El interés por la enseñanza media no aparece por ningún lado; es el insípido sándwich entre las tragedias de la enseñanza básica y las penurias de la superior.
Y hoy, al iniciarse el nuevo ciclo escolar, nos encontramos con noticias espeluznantes: una nueva “reforma integral” de la enseñanza básica que a decir de Olac Fuentes Molinar, reconocido especialista en el tema, es “caótica” y “consecuencia de haber entregado a un grupo político” –el de la maestra Gordillo–, a través de su yerno, el subsecretario de enseñanza básica y presidente del RIEB, la reforma que hoy produce textos para primero y sexto año de primaria, “improvisados y sin coherencia interna” –incluido un texto sobre actividades físicas– que “constituyen una muestra más de las limitaciones de quienes gestionan la educación”. Y que, coincidiendo con lo que otro experto en el tema, “lejos de combatir la memorización y el enciclopedismo”… “contienen un exceso de información que acentúa esas problemáticas y carecen de elementos para la formación”, independientemente de que “responden a un tipo de escuela idealizada, dotada de recursos en abundancia”, lo que resulta retrógrado, irónico y trágico.

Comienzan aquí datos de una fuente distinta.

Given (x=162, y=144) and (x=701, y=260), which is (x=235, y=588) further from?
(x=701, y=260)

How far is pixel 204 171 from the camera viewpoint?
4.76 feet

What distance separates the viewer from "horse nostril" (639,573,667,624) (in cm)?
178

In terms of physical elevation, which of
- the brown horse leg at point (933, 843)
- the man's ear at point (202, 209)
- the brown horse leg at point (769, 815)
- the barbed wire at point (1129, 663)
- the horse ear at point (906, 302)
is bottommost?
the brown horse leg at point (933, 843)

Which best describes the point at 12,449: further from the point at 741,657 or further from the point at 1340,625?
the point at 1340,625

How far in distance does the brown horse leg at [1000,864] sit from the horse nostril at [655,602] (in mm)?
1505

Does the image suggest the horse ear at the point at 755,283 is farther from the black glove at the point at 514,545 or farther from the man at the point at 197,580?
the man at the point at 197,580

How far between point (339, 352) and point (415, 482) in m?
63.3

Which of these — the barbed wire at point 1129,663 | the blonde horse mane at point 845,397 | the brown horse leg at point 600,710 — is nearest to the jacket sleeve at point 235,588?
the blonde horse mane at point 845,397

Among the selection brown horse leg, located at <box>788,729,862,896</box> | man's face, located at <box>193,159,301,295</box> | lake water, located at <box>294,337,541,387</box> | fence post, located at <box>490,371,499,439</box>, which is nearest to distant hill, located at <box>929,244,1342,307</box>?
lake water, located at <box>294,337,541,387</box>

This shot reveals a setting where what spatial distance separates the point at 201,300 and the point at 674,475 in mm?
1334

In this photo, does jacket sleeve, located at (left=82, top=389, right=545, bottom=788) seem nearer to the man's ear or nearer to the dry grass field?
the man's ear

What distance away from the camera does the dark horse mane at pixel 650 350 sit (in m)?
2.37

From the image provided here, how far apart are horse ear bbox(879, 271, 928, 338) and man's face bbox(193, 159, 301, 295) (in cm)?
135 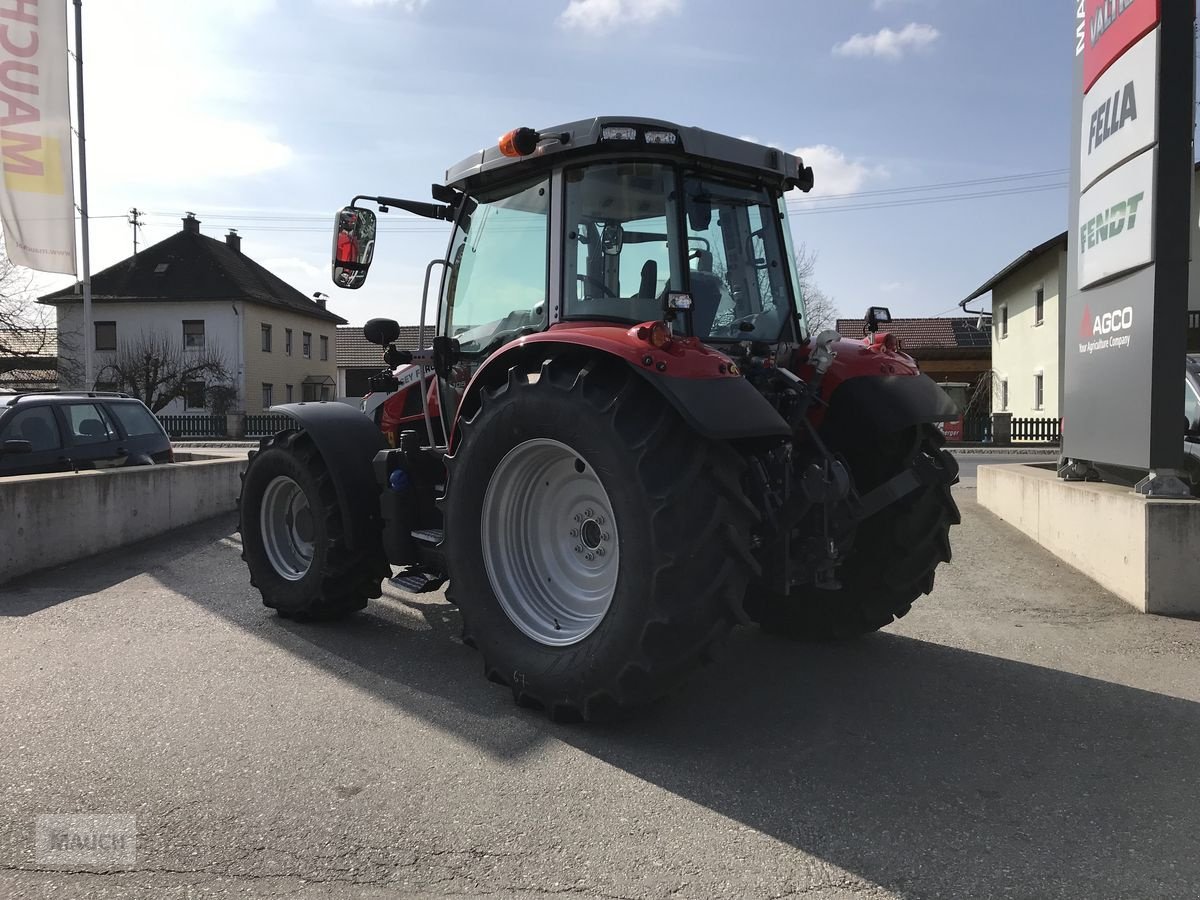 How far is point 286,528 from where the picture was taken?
5676mm

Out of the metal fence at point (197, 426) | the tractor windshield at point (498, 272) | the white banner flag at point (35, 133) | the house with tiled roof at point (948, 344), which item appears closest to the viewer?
the tractor windshield at point (498, 272)

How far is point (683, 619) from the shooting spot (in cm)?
326

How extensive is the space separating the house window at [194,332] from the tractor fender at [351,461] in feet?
130

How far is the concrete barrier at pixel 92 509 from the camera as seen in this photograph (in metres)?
6.97

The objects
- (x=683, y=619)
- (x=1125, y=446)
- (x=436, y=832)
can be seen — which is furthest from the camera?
(x=1125, y=446)

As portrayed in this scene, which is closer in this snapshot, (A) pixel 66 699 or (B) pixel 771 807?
(B) pixel 771 807

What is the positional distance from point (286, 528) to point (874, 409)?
369 centimetres

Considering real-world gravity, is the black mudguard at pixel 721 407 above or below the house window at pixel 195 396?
below

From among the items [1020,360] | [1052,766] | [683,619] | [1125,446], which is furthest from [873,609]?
[1020,360]

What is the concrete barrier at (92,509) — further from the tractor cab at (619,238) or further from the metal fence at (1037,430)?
the metal fence at (1037,430)

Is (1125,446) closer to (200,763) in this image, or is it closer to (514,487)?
(514,487)

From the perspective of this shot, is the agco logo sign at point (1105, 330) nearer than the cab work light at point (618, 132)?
No

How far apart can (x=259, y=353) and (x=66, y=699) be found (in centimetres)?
4084

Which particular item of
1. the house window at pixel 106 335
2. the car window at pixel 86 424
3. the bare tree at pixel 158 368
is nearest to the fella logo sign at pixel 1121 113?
the car window at pixel 86 424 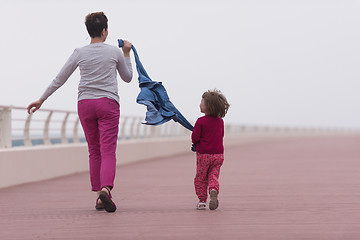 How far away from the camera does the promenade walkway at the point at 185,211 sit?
6131mm

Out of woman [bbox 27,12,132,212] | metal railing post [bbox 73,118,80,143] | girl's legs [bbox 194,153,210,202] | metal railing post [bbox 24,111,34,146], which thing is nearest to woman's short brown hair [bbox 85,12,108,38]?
woman [bbox 27,12,132,212]

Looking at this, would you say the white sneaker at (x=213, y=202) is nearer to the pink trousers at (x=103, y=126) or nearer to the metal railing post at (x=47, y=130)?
the pink trousers at (x=103, y=126)

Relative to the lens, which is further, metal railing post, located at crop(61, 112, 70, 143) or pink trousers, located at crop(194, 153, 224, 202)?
metal railing post, located at crop(61, 112, 70, 143)

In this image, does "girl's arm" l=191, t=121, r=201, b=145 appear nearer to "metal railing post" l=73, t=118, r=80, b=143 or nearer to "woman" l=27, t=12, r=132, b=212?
"woman" l=27, t=12, r=132, b=212

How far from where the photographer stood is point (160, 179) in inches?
520

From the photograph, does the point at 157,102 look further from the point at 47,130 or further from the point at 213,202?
the point at 47,130

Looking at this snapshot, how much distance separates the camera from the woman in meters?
7.60

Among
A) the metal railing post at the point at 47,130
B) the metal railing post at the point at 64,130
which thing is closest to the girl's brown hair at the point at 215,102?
the metal railing post at the point at 47,130

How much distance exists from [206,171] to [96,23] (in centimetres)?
189

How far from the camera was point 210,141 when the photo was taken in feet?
26.0

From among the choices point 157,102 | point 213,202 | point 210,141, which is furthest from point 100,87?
point 213,202

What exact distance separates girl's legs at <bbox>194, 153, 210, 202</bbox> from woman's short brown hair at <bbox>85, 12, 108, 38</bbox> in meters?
1.62

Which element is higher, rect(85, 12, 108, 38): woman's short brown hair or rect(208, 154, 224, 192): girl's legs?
rect(85, 12, 108, 38): woman's short brown hair

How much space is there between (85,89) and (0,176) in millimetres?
4149
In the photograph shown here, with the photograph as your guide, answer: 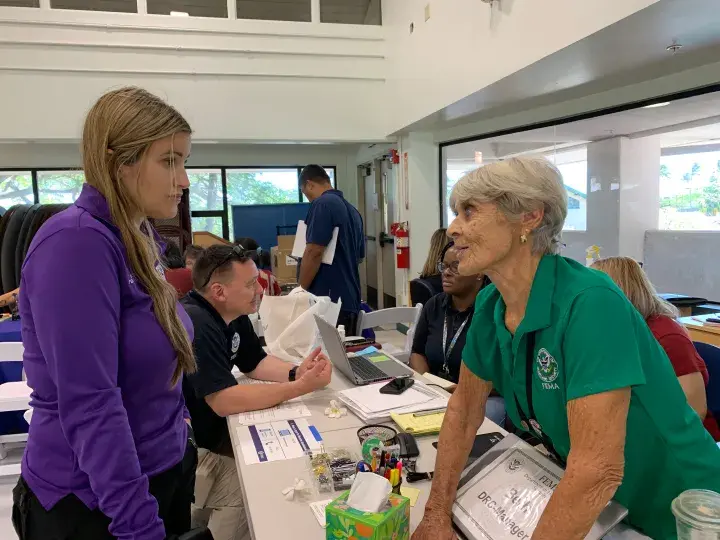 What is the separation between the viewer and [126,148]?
1.01 metres

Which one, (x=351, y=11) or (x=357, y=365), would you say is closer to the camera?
(x=357, y=365)

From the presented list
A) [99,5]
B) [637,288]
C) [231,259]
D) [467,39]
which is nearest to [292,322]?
[231,259]

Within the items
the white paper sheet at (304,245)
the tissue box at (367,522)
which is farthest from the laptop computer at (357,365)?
the white paper sheet at (304,245)

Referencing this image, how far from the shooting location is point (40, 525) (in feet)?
3.30

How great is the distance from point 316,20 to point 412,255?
8.98ft

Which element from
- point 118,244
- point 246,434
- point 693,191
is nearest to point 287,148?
point 693,191

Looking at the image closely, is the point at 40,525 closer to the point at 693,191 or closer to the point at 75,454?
the point at 75,454

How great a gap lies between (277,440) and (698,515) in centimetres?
114

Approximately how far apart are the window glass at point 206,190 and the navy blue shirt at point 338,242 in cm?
417

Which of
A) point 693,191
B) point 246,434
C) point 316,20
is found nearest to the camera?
point 246,434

Y ya sin contar, como nos recuerda Fernando del Paso, con los recursos de que disponía el gobierno para la educación cívica de los mexicanos en espacios en los medios electrónicos y que con un generoso decreto presidencial inspirado por la señora Marta y sus intereses políticos y familiares, el señor Fox devolvió a los concesionarios del espectro radioeléctrico.
¿Cómo pagaremos los mexicanos los altos costos de esta hipoteca de nuestro futuro? Si no hacemos algo diferente, contundente y urgente, lo tendremos que pagar con sangre, sudor y lágrimas y con la condición irreversible de país subdesarrollado.